Decidí vender helados de aguaje y fui a una casa que producía esas delicias amazónicas para convencerles que tenían a un nuevo vendedor con unas ganas inmensas de hacer dinero. Me aprobaron con el apoyo de un amigo adulto que me sirvió de garante y salí a caminar con mi pequeña caja térmica de Tecnopor lleno de riquísimos chupetes de aguaje.
Al final del día, mis queridos amigos, solo había vendido unos cuantos y más del 90 % de los helados se habían derretido y convertido en deliciosa aguajina dentro de la caja térmica.
Seguramente, mi cara de asustado y atribulado se notaba a un kilómetro, porque ipso facto me preguntaron qué me pasaba, qué cómo me había ido con mis ventas, que estaba “quemado por el sol”, que ojalá eso se compensara con el buen porcentaje que había ganado. No respondí y empecé a llorar de frustración. Mis tíos y vecinos empezaron a reírse y, bueno, ya saben, en ese tiempo reírse del otro no era considerado bullying, simplemente, aguantabas y punto.
Mis tíos me apoyaron y pagaron mi deuda y las fotos que me había mandado a tomar por un fotógrafo que pasaba por el barrio cada cierto tiempo.
La segunda venta, en realidad, fue un trueque por algo que yo quería mucho: una bicicleta. Y este episodio sucedió cuando yo tendría 12 o 13 años y estaba siguiendo la tradición familiar de los Díaz en Iquitos. Es decir, convertirme en un gallero con la misión de prolongar lo que mis tíos, abuelo y bisabuelo habían realizado.
Un vecino que también era gallero estaba fascinado con un gallo joven de mi huerta. Desde que era un pollito, el señor iba a verlo y lo convirtió en su engreído. Una tarde y mientras sostenía al hermoso ejemplar cuyo color de las plumas se confundían con el cielo del atardecer iquiteño, me propuso hacer el trueque de mi gallo por la bicicleta que el también “se había dado cuenta que yo mirabas fascinado”.
Dije que sí y al rato la bicicleta ya era mía, aunque Carmencita Lara en el aire cantaba / tengo una pena muy negra, muy cruel / que me destroza el corazón / a cada instante me va recordando su ingratitud / es que la llevo tan dentro de mí…/
Pero nada, la bicicleta es la nave hacia otra galaxia para cualquier niño en un lugar tan mágico como Iquitos.

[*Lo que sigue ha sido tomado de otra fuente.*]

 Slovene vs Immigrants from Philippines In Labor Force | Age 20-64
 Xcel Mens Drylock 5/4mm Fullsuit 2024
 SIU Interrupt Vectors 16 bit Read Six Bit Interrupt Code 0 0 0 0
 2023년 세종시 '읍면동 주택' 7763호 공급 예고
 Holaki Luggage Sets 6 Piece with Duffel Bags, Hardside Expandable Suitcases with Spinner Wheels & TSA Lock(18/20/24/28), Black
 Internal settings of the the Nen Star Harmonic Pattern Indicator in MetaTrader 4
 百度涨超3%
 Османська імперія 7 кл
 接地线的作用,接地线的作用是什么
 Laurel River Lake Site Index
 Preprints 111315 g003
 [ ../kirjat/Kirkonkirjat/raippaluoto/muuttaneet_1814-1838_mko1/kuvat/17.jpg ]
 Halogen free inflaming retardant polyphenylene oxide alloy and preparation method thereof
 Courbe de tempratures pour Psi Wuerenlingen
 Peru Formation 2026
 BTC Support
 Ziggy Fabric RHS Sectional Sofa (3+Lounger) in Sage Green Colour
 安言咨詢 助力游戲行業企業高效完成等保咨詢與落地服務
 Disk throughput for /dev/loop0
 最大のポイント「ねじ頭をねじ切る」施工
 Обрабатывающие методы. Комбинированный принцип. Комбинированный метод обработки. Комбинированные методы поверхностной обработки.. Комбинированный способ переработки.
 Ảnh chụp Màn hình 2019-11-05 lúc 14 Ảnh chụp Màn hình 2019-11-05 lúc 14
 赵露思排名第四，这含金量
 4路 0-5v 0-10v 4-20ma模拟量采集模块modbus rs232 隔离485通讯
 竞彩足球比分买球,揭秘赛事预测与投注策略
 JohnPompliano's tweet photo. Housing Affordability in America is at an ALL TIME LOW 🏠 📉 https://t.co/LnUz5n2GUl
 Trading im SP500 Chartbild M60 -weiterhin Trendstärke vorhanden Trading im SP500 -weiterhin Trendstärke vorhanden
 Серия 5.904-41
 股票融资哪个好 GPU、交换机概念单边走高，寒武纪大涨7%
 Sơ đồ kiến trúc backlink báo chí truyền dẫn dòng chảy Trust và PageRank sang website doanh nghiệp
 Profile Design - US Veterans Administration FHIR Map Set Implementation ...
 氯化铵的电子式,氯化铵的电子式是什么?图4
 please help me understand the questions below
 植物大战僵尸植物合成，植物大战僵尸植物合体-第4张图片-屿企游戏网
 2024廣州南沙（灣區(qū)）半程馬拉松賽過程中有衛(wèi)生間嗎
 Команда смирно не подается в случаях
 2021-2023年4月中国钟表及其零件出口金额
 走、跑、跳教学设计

Seguramente, mi cara de emocionado y la confusa felicidad que sentía se habrá notado a un kilómetro que, primero mi madre, al verme con la bicicleta me preguntó: ¿Dónde está el gallito presuntuoso? Ojo, no preguntó por la bicicleta. Me sentí atrapado (recién me daba cuenta de que no había consultado con mis padres sobre la transacción) y en seguida escuché los versos que una madre solía decir en los años 70, para ponerte en línea y cumplir con la indicación.
En ese mismo atardecer, el gallito volvió a mi huerta y no quiso dormir toda la noche y yo recién una semana después pude acercarme y acariciarlo. Ellos olvidan rápido la estupidez humana.
Algunos meses después lo llevé a una pelea, para que se vaya entrenando y no le fue bien. A mí tampoco, pues, sentí pena de verlo pelear, pero a nadie le mostré mi tristeza, para que no me expulsen del lugar con un puntapié en el coxis. Ese día tomé la decisión de no ser gallero y más bien pasé a admirar la belleza de los animales.